Amid the typical symptoms of the rural poor are the embers of a younger energy. The area has become an active citizenship laboratory, and the stimulus is just the latest shot at bringing change. Design studios have descended to raise awareness of Hale County's dilapidated water system. Architects build strangely shaped houses for residents whose homes are falling apart. Next to HERO's campus is Pie Lab, an experiment to foster conversation among Greensboro residents, both black and white. (A "neutral space" in activist-speak.) There are no takeout containers there; everybody must sit and stay with their food, in the hope that they will engage with their neighbors. All of this lends the town a feeling of incongruity. New energy lives at the margins, but can it revive the withered core?

Racial issues underwrite both the town and all of this new activity. In Greensboro there is still a country-club pool and a public pool, de facto segregation at its most raw. Only whites sit down at Mustang Oil, the local gas station/restaurant, while the blacks come in and out for take-out. Catfish farmers are white; catfish factory workers are black.

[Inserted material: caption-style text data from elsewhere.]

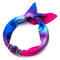Jewelry scarf Stewardess - blue and fuchsia pink - 1/2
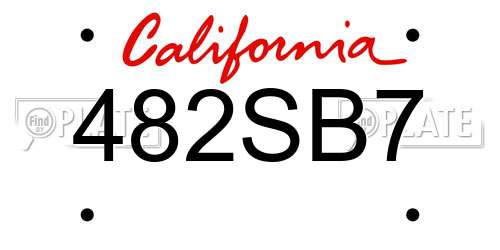 482SB7 California License Plate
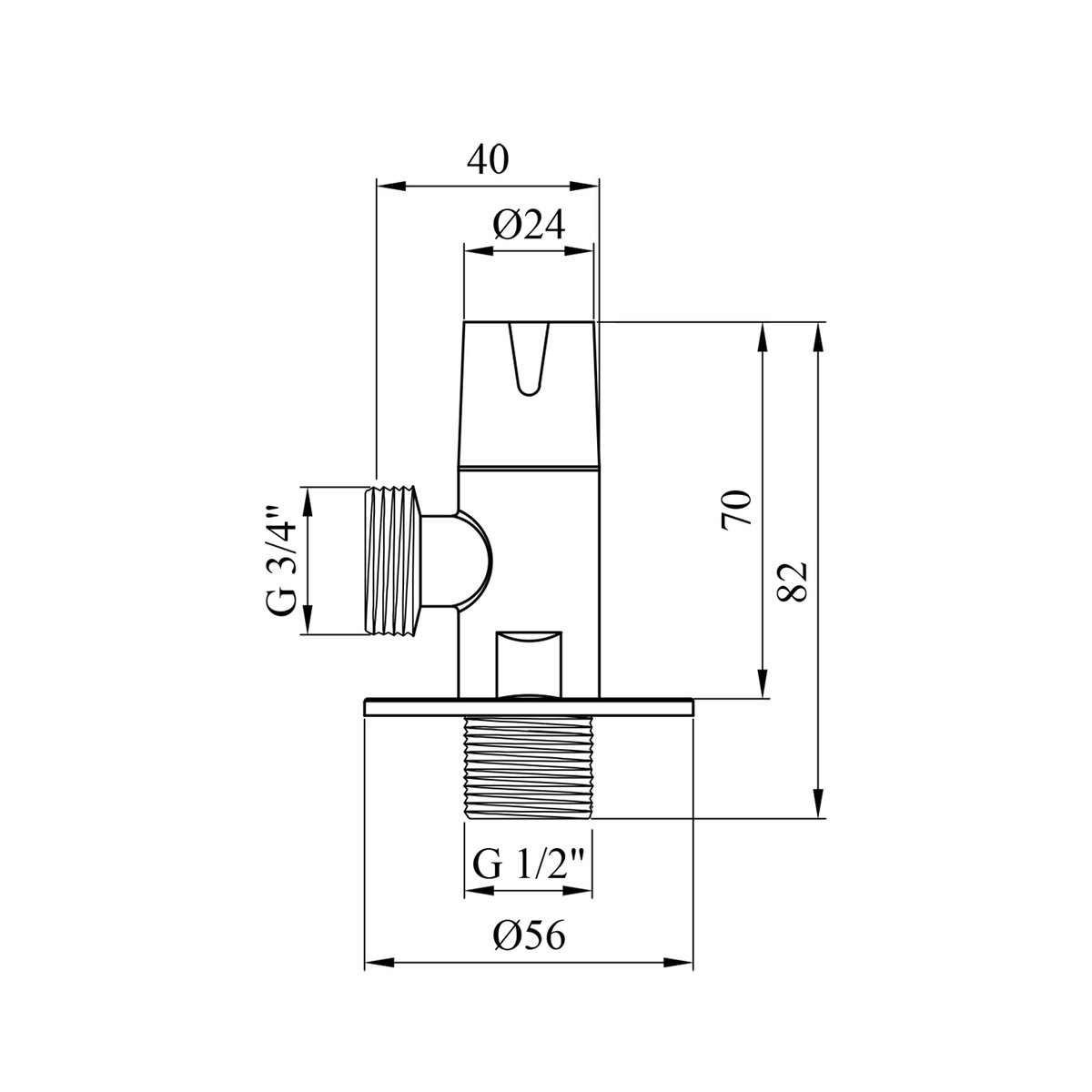 Кран кульовий побутовий KRONER KRP Eckventil C302 кутовий 1/2"x3/4" зв-зв CV027382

The county is 58 percent black and 41 percent white, a different ratio than the nonprofits that bring in highly educated workers from out of town. HERO has an all-white staff despite providing housing to a majority-black constituency. The Pie Lab is full of white people from out of state. (They're here on a temporary basis.) And so a familiar question arises: How do you reduce racial inequality without drawing on the talent gap it has created?
Half of Deborah's GED class is white, half is black. In a month, it will all be stimulus-funded. "What does this remind you of?" she says as she points to the trapped dog again, trying to get the kids to connect its plight with their own lives. Some murmurs go through the room in response to her question. "What about women who are abused?" she says. All of a sudden her line of questioning has turned into a call-and-response sermon. "Mmhmm" yelps one student while heads shake across the room.